Illustration Courtesy of NCASI (www.paperenvironment.org)
Businesses today are putting an increased emphasis on “green” procurement, buying materials and supplies that have the lowest net impact on our environment. Paper products have been highly—but not always accurately—examined in this regard, particularly in terms of the relative impact of using virgin wood fiber vs. recycled fiber. National Geographic, for example, recently evaluated which type of paper to use to print its magazine.

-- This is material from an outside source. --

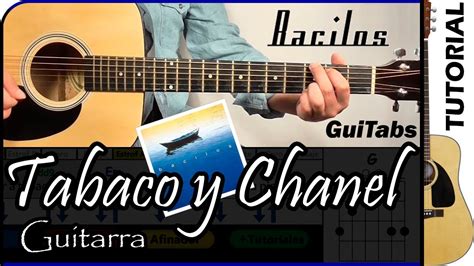 tabaco y chanel acordes para guitarra|tabaco y chanel guitar chords.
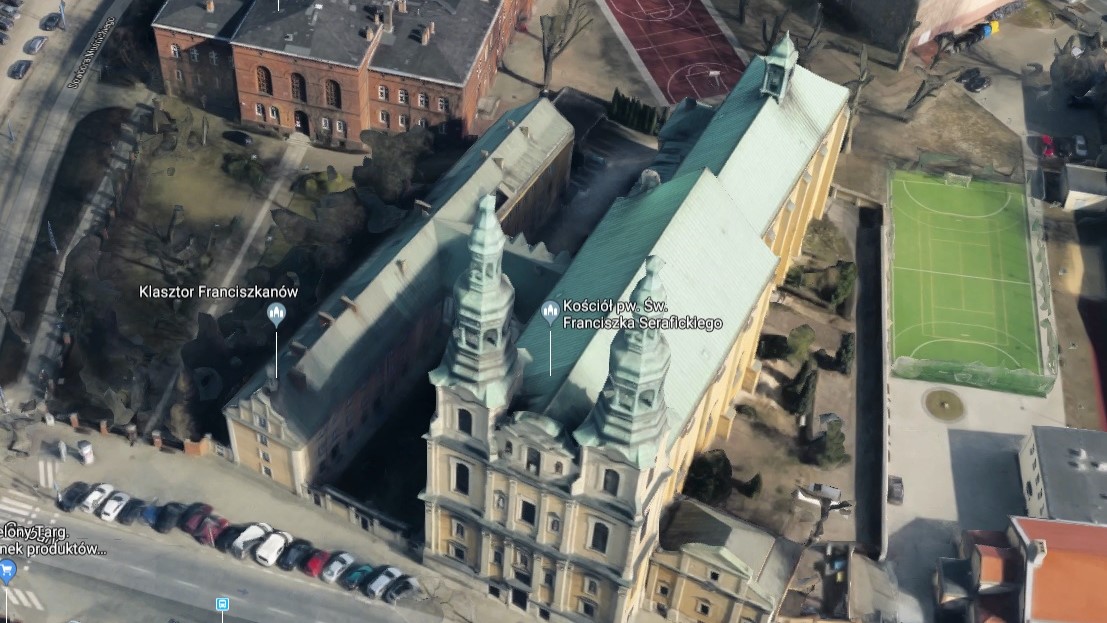 krzyże google - Google Maps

These types of analyses are complex and must be examined on a case-by-case basis to arrive at an accurate answer. . . if there even is one. There’s the origin of the fiber, the amount and type of fuel being consumed, the pulping and de-inking processes, the number of miles the product is being shipped, and many other factors related to each individual mill’s specific processes. The National Council for Air and Stream Improvement (NCASI) has developed an interactive online Environmental Footprint Comparison Tool at paperenvironment.org that illustrates how each decision made in the paper manufacturing process impacts other parts of the process and results in net environmental benefits or trade-offs.
For many consumers, the debate revolves around the basic—but very emotional—issue of timber harvesting, but there are five important things that are often overlooked:
1. You can’t have recycled fiber without first having virgin.
2. It makes sense to use both.
3. Paper can only be recycled so many times before it’s too weak to use.
4. Sustainably harvesting trees is good for the forest, people, and wildlife.
5. Forest owners who can’t profitably harvest trees often end up selling the land for commercial or residential development.
Finch Paper makes products from both virgin and recycled fibers, and each has its own specific characteristics and qualities. We also encourage people to recycle paper to conserve landfill space for things that can’t be re-used.
When it comes to recycled vs. virgin fiber, there’s no reason to choose. The world’s a better place when we use both.